Ma il messaggio della leader dei patrioti è rivolto a tutti. O almeno così viene percepito tra dirigenti e parlamentari. Anzi, sotto i riflettori sembra esserci soprattutto chi doveva vigilare o intervenire in tempo, tra i vertici e i volti storici del partito, e non l'ha fatto. O ha sminuito la narrazione dei media, sottovalutando l'eco della bufera. Ora, quindi, bisogna correre ai ripari. Si decide di farlo pubblicamente e con una lettera che arriva nel giorno in cui la commissione guidata dalla senatrice a vita Liliana Segre - nata per combattere razzismo, antisemitismo e istigazione all'odio - chiede all'unanimità di acquisire i documenti a disposizione di Fanpage, per vederci più chiaro. Una richiesta sollecitata da una lettera dell'ex forzista Elio Vito, che chiedeva alla commissione di acquisire la documentazione di Fanpage, e su cui Segre ha detto di essere d'accordo.

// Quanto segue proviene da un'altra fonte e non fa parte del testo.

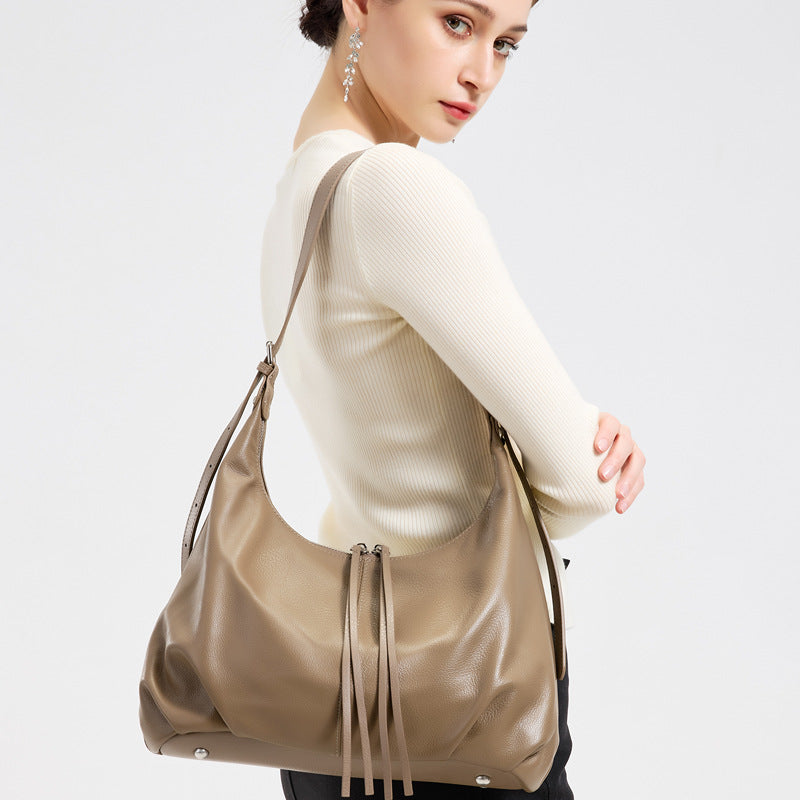 Trendy Tote Bag for Women Large Capacity Commuter Shoulder Underarm Handbag, Versatile Purse with Modern Everyday Style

Anche nel partito di Meloni, a questo punto, bisogna fare chiarezza. Ribadire quali sono i confini, per distinguere chi è dentro e chi no o non più. E anche se è stato "detto e ripetuto decine di volte", repetita iuvant. Primo punto: "non c'è spazio, in Fratelli d'Italia, per posizioni razziste o antisemite", è la premessa della premier. E non perché sono cambiati i tempi: "I partiti di destra, dai quali molti di noi provengono, hanno fatto i conti con il passato e con il ventennio fascista già diversi decenni fa". Insomma, non è solo perché FdI è un partito nato sulle ceneri del Msi e fondato 12 anni fa, ma perché ha scelto di "aprirsi a culture politiche compatibili con la nostra, accogliendo persone che arrivavano anche da percorsi politici diversi da quello della destra storica". Meloni respinge chi "recita un copione macchiettistico" utile solo agli avversari politici e anzi insiste: non c'è un'immagine pubblica di FdI e una privata. Chi invece distingue, "non è il benvenuto tra noi".
Come, verrebbe da dire, quella Forza Nuova guidata da Roberto Fiore che non a caso replica a Meloni a stretto giro: "Più ci si allontana temporalmente dal fascismo più l'elite politica esige l'antifascismo duro e puro. Abbiamo grandi storici come Renzo de Felice che hanno spiegato agli italiani cosa fu il fascismo e perché terrorizza tutt'oggi la sinistra e la finanza. Noi la pensiamo come 20 e 40 anni fa e oggi ci rendiamo conto che la parte migliore del fascismo sta tornando nel cuore dei popoli... ma non nelle elites". Ma Meloni è tranchant e di "perdere tempo", ripete come un mantra, non ne ha più intenzione. E "chi non è in grado di capirlo, o chi non ha compreso questo percorso, chi non è in condizione di tenere il passo", spiega, "non può far parte di Fratelli d'Italia".